La ridefinizione della linea del partito ebbe luogo a partire dal ritorno di Togliatti in Italia (marzo 1944), con la cosiddetta ‘svolta di Salerno’: messa provvisoriamente da parte la pregiudiziale repubblicana, il segretario comunista indicò al partito l’unità antifascista come premessa di un radicamento nella società che sarebbe scaturita dalla liberazione.

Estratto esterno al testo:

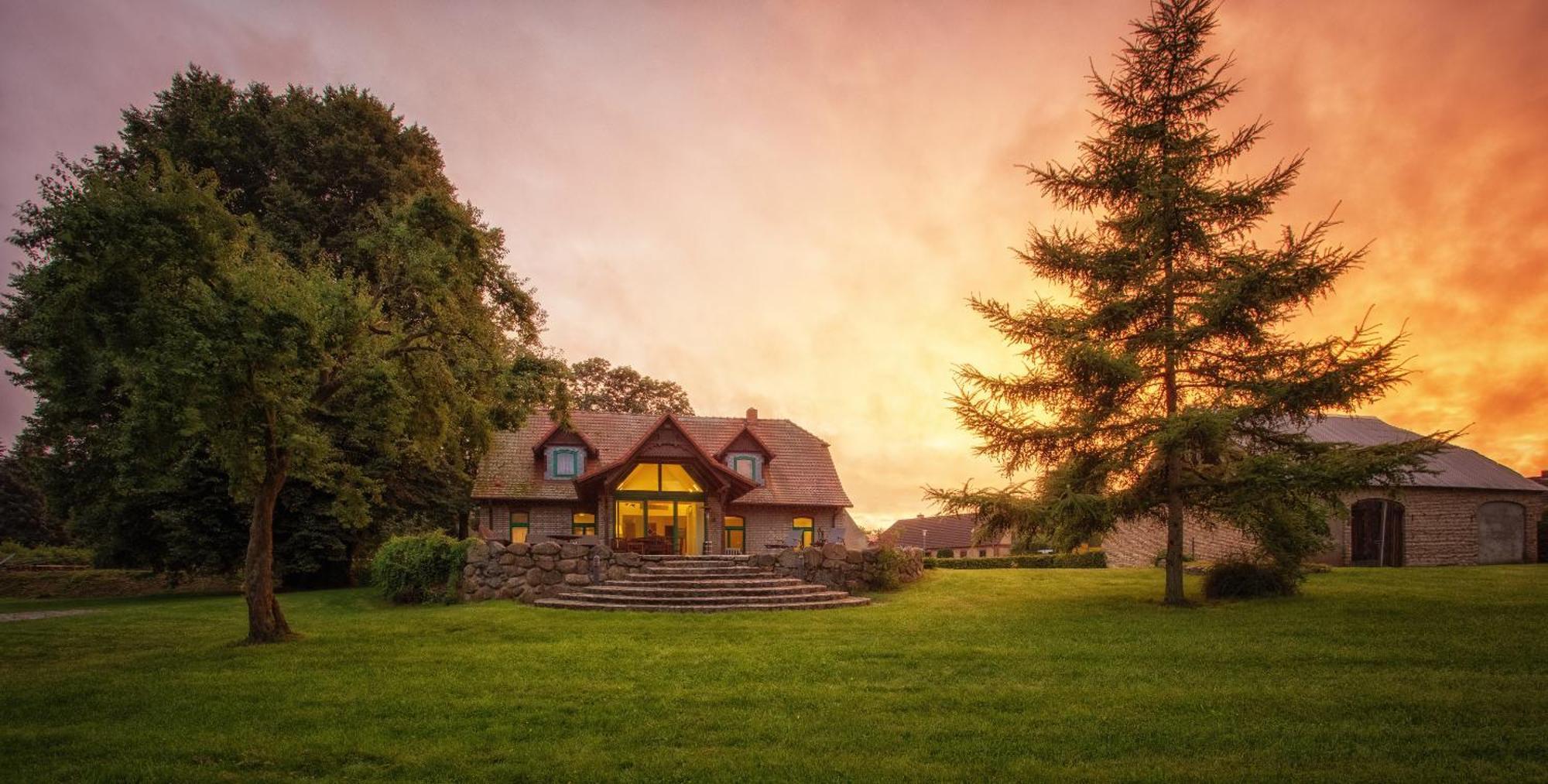 J1 Idyllisches Ferienhaus mit Seeblick Julchendorf Exterior foto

L’idea guida di Togliatti era che la trasformazione socialista dell’Italia non dovesse avvenire per via rivoluzionaria bensì attraverso la progressiva ascesa delle masse popolari al governo della cosa pubblica. Conseguentemente il Pci fece parte dei governi dell’Italia democratica fin dal Regno del Sud e, dopo la liberazione, partecipò alla ricostruzione economica e politica ed estese la sua influenza nella società attraverso una capillare rete di sezioni territoriali; ebbe una cospicua presenza nella maggiore organizzazione sindacale (Cgil), dispose di un diffuso organo di stampa (“l’Unità”), e fu costantemente presente negli enti locali.

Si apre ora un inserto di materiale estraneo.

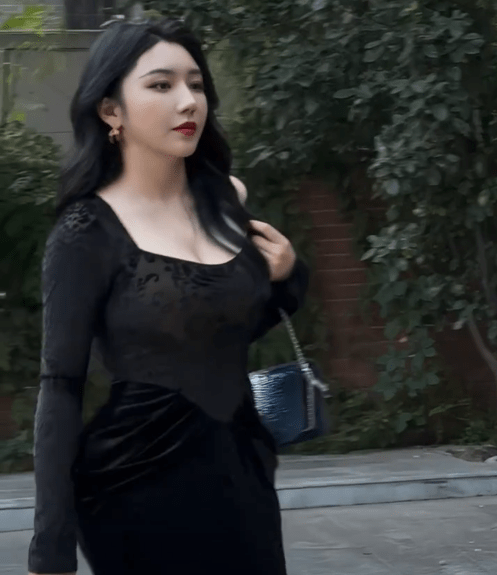 教母Eliy个人简介,君伊eliya微密圈作品介绍-2 教母Eliy个人简介,君伊eliya微密圈作品介绍-2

Escluso dal governo, insieme con il Psi, nel 1947, il Pci costituì da allora la maggiore forza politica di opposizione. La denuncia dello stalinismo operata da Nikita Krusciov nel XX congresso del Pcus e l’invasione sovietica dell’Ungheria (1956) costrinsero il Pci a un’ampia riflessione sulla propria strategia e sul socialismo realizzato: nell’VIII congresso (1956) il partito iniziò a prendere le distanze dall’unitarismo di stampo sovietico prevalente nel movimento comunismo mondiale, accentuando sul piano della politica interna gli aspetti democratici e gradualisti già presenti nell’elaborazione togliattiana (“via italiana al socialismo”).

Con Luigi Longo, che successe alla segreteria del partito alla morte di Togliatti (1964), il Pci colse il successo del 26,9% nelle elezioni del 1968. La stagione delle lotte operaie e il processo di unità sindacale, nonché lo spostamento a sinistra della pubblica opinione, determinarono nei primi anni Settanta nuove attenzioni e aspettative verso la politica del Pci, cui il nuovo segretario Enrico Berlinguer rispose con la strategia del ‘compromesso storico’ (1973), una proposta di collaborazione con le forze cattoliche e socialiste per il rinnovamento del paese.

La proposta, dopo le ulteriori affermazioni elettorali del Pci (tra queste, il 34,4% nel 1976), si concretizzò dapprima nell’accordo sull’astensione al governo presieduto da Giulio Andreotti (1976), poi sul voto al nuovo monocolore Andreotti, inaugurato nel giorno del rapimento dello statista democristiano Aldo Moro, il 16 marzo 1978, da parte dei terroristi delle Brigate Rosse.

La fase di “solidarietà nazionale” ebbe termine nel 1979 con la decisione comunista di uscire dalla maggioranza, mentre iniziava un trend elettorale negativo. Sul terreno internazionale, l’invasione sovietica dell’Afghanistan (1979) e la proclamazione della legge marziale in Polonia (1981) segnarono un’ulteriore differenziazione dall’Urss (già nettamente criticato per l’intervento in Cecoslovacchia nel 1968), con la dichiarazione di Berlinguer circa l’esaurimento della “spinta propulsiva” della rivoluzione sovietica (1981) e la sottolineatura del nesso necessario fra democrazia e socialismo.

Nel 1984 moriva Berlinguer, cui seguì nella carica di segretario generale Alessandro Natta. Il dato elettorale continuò a evidenziare una fase di grave difficoltà con un calo di consensi al 26,6% nel 1987. Anche in seguito al crollo del comunismo nei paesi dell’Est europeo il Pci, sotto la guida di Achille Occhetto avviò una profonda fase di trasformazione, culminata nel 1991 nello scioglimento del partito (il congresso si tenne a Rimini dal 31 gennaio al 3 febbraio) e nella contestuale costituzione del Partito democratico della sinistra. L’ala più intransigente, contraria al cambiamento, diede vita al Partito della rifondazione comunista.